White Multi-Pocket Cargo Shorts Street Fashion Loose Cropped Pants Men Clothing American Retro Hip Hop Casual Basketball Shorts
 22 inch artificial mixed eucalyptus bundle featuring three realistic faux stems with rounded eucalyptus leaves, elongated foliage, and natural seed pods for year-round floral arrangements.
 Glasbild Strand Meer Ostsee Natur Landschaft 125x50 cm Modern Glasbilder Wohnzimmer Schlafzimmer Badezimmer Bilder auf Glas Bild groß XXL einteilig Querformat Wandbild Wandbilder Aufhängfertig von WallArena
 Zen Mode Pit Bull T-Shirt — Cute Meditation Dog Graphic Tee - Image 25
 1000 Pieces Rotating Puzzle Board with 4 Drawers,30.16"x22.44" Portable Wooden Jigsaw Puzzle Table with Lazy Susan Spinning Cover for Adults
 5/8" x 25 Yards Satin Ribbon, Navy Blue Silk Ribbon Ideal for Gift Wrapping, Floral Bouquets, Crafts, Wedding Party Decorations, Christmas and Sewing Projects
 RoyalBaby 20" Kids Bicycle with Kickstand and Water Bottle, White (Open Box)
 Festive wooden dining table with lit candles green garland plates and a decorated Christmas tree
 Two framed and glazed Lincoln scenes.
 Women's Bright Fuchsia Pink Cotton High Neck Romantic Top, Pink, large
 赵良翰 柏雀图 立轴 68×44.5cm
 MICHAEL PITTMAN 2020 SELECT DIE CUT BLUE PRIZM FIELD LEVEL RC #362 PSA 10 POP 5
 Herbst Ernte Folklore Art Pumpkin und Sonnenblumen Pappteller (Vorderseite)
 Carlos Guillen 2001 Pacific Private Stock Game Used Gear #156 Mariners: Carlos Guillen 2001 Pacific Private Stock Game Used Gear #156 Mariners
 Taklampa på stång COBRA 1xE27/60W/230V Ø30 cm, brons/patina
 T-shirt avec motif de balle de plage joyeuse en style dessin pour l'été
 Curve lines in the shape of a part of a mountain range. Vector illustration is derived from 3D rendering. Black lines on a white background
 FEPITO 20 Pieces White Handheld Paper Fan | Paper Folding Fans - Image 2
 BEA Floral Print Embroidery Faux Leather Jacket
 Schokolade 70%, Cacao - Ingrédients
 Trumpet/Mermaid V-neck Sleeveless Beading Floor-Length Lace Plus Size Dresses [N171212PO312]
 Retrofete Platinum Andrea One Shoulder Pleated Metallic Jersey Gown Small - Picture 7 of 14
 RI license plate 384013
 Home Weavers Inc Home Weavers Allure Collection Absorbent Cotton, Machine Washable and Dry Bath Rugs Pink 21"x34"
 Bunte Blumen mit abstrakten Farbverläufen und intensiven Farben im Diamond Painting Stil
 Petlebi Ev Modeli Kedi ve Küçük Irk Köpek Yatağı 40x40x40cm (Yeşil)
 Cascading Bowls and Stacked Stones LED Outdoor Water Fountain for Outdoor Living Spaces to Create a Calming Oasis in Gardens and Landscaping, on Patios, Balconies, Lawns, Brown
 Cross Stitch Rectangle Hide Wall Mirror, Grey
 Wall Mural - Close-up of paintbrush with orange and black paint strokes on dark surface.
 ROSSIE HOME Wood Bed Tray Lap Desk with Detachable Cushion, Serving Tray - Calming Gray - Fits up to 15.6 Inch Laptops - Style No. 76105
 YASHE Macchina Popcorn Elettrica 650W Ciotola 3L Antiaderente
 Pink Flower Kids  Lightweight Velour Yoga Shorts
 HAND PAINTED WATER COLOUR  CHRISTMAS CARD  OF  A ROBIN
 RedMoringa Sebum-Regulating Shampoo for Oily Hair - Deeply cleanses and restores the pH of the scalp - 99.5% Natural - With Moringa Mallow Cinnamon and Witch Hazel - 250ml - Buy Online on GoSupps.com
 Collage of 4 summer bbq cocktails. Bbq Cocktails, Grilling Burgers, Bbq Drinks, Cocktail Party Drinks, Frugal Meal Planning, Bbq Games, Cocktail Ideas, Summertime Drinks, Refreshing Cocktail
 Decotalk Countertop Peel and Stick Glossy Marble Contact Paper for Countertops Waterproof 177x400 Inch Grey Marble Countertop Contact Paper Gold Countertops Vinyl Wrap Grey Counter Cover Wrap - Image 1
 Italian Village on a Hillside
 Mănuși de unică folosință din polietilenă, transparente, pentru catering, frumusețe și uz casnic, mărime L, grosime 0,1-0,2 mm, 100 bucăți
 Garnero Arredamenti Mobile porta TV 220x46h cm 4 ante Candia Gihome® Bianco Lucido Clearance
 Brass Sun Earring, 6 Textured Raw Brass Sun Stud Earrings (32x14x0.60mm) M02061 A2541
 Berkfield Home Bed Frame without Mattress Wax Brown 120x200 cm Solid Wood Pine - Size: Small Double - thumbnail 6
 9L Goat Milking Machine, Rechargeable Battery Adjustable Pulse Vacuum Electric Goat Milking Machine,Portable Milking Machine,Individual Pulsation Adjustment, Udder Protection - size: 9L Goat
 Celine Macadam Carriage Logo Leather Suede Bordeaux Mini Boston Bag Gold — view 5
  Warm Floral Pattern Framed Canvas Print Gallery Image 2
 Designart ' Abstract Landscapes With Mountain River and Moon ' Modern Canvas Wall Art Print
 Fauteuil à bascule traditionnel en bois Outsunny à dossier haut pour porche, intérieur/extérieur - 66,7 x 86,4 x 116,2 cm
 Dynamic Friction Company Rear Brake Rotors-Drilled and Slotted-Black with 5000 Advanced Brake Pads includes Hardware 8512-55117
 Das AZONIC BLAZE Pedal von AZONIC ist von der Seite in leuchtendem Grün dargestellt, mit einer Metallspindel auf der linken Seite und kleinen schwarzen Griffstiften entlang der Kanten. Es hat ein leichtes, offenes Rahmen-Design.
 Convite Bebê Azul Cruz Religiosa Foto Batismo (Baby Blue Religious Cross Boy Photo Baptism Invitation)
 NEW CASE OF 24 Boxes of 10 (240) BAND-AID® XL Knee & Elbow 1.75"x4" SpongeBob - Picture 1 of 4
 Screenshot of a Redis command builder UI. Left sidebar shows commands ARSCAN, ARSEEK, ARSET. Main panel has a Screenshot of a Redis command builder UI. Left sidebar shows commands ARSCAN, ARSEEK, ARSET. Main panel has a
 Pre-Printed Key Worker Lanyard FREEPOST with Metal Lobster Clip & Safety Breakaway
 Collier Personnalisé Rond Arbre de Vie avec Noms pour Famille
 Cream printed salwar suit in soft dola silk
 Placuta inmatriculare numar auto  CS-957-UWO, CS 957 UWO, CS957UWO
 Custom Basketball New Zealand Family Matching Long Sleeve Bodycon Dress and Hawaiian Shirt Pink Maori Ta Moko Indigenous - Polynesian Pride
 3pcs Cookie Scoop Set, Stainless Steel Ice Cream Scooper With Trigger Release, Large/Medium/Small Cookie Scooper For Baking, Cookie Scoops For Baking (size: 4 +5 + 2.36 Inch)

=-=-=-=-=

Exercise directions: Exactly reproduce the material above.

Solved exercise:
White Multi-Pocket Cargo Shorts Street Fashion Loose Cropped Pants Men Clothing American Retro Hip Hop Casual Basketball Shorts
 22 inch artificial mixed eucalyptus bundle featuring three realistic faux stems with rounded eucalyptus leaves, elongated foliage, and natural seed pods for year-round floral arrangements.
 Glasbild Strand Meer Ostsee Natur Landschaft 125x50 cm Modern Glasbilder Wohnzimmer Schlafzimmer Badezimmer Bilder auf Glas Bild groß XXL einteilig Querformat Wandbild Wandbilder Aufhängfertig von WallArena
 Zen Mode Pit Bull T-Shirt — Cute Meditation Dog Graphic Tee - Image 25
 1000 Pieces Rotating Puzzle Board with 4 Drawers,30.16"x22.44" Portable Wooden Jigsaw Puzzle Table with Lazy Susan Spinning Cover for Adults
 5/8" x 25 Yards Satin Ribbon, Navy Blue Silk Ribbon Ideal for Gift Wrapping, Floral Bouquets, Crafts, Wedding Party Decorations, Christmas and Sewing Projects
 RoyalBaby 20" Kids Bicycle with Kickstand and Water Bottle, White (Open Box)
 Festive wooden dining table with lit candles green garland plates and a decorated Christmas tree
 Two framed and glazed Lincoln scenes.
 Women's Bright Fuchsia Pink Cotton High Neck Romantic Top, Pink, large
 赵良翰 柏雀图 立轴 68×44.5cm
 MICHAEL PITTMAN 2020 SELECT DIE CUT BLUE PRIZM FIELD LEVEL RC #362 PSA 10 POP 5
 Herbst Ernte Folklore Art Pumpkin und Sonnenblumen Pappteller (Vorderseite)
 Carlos Guillen 2001 Pacific Private Stock Game Used Gear #156 Mariners: Carlos Guillen 2001 Pacific Private Stock Game Used Gear #156 Mariners
 Taklampa på stång COBRA 1xE27/60W/230V Ø30 cm, brons/patina
 T-shirt avec motif de balle de plage joyeuse en style dessin pour l'été
 Curve lines in the shape of a part of a mountain range. Vector illustration is derived from 3D rendering. Black lines on a white background
 FEPITO 20 Pieces White Handheld Paper Fan | Paper Folding Fans - Image 2
 BEA Floral Print Embroidery Faux Leather Jacket
 Schokolade 70%, Cacao - Ingrédients
 Trumpet/Mermaid V-neck Sleeveless Beading Floor-Length Lace Plus Size Dresses [N171212PO312]
 Retrofete Platinum Andrea One Shoulder Pleated Metallic Jersey Gown Small - Picture 7 of 14
 RI license plate 384013
 Home Weavers Inc Home Weavers Allure Collection Absorbent Cotton, Machine Washable and Dry Bath Rugs Pink 21"x34"
 Bunte Blumen mit abstrakten Farbverläufen und intensiven Farben im Diamond Painting Stil
 Petlebi Ev Modeli Kedi ve Küçük Irk Köpek Yatağı 40x40x40cm (Yeşil)
 Cascading Bowls and Stacked Stones LED Outdoor Water Fountain for Outdoor Living Spaces to Create a Calming Oasis in Gardens and Landscaping, on Patios, Balconies, Lawns, Brown
 Cross Stitch Rectangle Hide Wall Mirror, Grey
 Wall Mural - Close-up of paintbrush with orange and black paint strokes on dark surface.
 ROSSIE HOME Wood Bed Tray Lap Desk with Detachable Cushion, Serving Tray - Calming Gray - Fits up to 15.6 Inch Laptops - Style No. 76105
 YASHE Macchina Popcorn Elettrica 650W Ciotola 3L Antiaderente
 Pink Flower Kids  Lightweight Velour Yoga Shorts
 HAND PAINTED WATER COLOUR  CHRISTMAS CARD  OF  A ROBIN
 RedMoringa Sebum-Regulating Shampoo for Oily Hair - Deeply cleanses and restores the pH of the scalp - 99.5% Natural - With Moringa Mallow Cinnamon and Witch Hazel - 250ml - Buy Online on GoSupps.com
 Collage of 4 summer bbq cocktails. Bbq Cocktails, Grilling Burgers, Bbq Drinks, Cocktail Party Drinks, Frugal Meal Planning, Bbq Games, Cocktail Ideas, Summertime Drinks, Refreshing Cocktail
 Decotalk Countertop Peel and Stick Glossy Marble Contact Paper for Countertops Waterproof 177x400 Inch Grey Marble Countertop Contact Paper Gold Countertops Vinyl Wrap Grey Counter Cover Wrap - Image 1
 Italian Village on a Hillside
 Mănuși de unică folosință din polietilenă, transparente, pentru catering, frumusețe și uz casnic, mărime L, grosime 0,1-0,2 mm, 100 bucăți
 Garnero Arredamenti Mobile porta TV 220x46h cm 4 ante Candia Gihome® Bianco Lucido Clearance
 Brass Sun Earring, 6 Textured Raw Brass Sun Stud Earrings (32x14x0.60mm) M02061 A2541
 Berkfield Home Bed Frame without Mattress Wax Brown 120x200 cm Solid Wood Pine - Size: Small Double - thumbnail 6
 9L Goat Milking Machine, Rechargeable Battery Adjustable Pulse Vacuum Electric Goat Milking Machine,Portable Milking Machine,Individual Pulsation Adjustment, Udder Protection - size: 9L Goat
 Celine Macadam Carriage Logo Leather Suede Bordeaux Mini Boston Bag Gold — view 5
  Warm Floral Pattern Framed Canvas Print Gallery Image 2
 Designart ' Abstract Landscapes With Mountain River and Moon ' Modern Canvas Wall Art Print
 Fauteuil à bascule traditionnel en bois Outsunny à dossier haut pour porche, intérieur/extérieur - 66,7 x 86,4 x 116,2 cm
 Dynamic Friction Company Rear Brake Rotors-Drilled and Slotted-Black with 5000 Advanced Brake Pads includes Hardware 8512-55117
 Das AZONIC BLAZE Pedal von AZONIC ist von der Seite in leuchtendem Grün dargestellt, mit einer Metallspindel auf der linken Seite und kleinen schwarzen Griffstiften entlang der Kanten. Es hat ein leichtes, offenes Rahmen-Design.
 Convite Bebê Azul Cruz Religiosa Foto Batismo (Baby Blue Religious Cross Boy Photo Baptism Invitation)
 NEW CASE OF 24 Boxes of 10 (240) BAND-AID® XL Knee & Elbow 1.75"x4" SpongeBob - Picture 1 of 4
 Screenshot of a Redis command builder UI. Left sidebar shows commands ARSCAN, ARSEEK, ARSET. Main panel has a Screenshot of a Redis command builder UI. Left sidebar shows commands ARSCAN, ARSEEK, ARSET. Main panel has a
 Pre-Printed Key Worker Lanyard FREEPOST with Metal Lobster Clip & Safety Breakaway
 Collier Personnalisé Rond Arbre de Vie avec Noms pour Famille
 Cream printed salwar suit in soft dola silk
 Placuta inmatriculare numar auto  CS-957-UWO, CS 957 UWO, CS957UWO
 Custom Basketball New Zealand Family Matching Long Sleeve Bodycon Dress and Hawaiian Shirt Pink Maori Ta Moko Indigenous - Polynesian Pride
 3pcs Cookie Scoop Set, Stainless Steel Ice Cream Scooper With Trigger Release, Large/Medium/Small Cookie Scooper For Baking, Cookie Scoops For Baking (size: 4 +5 + 2.36 Inch)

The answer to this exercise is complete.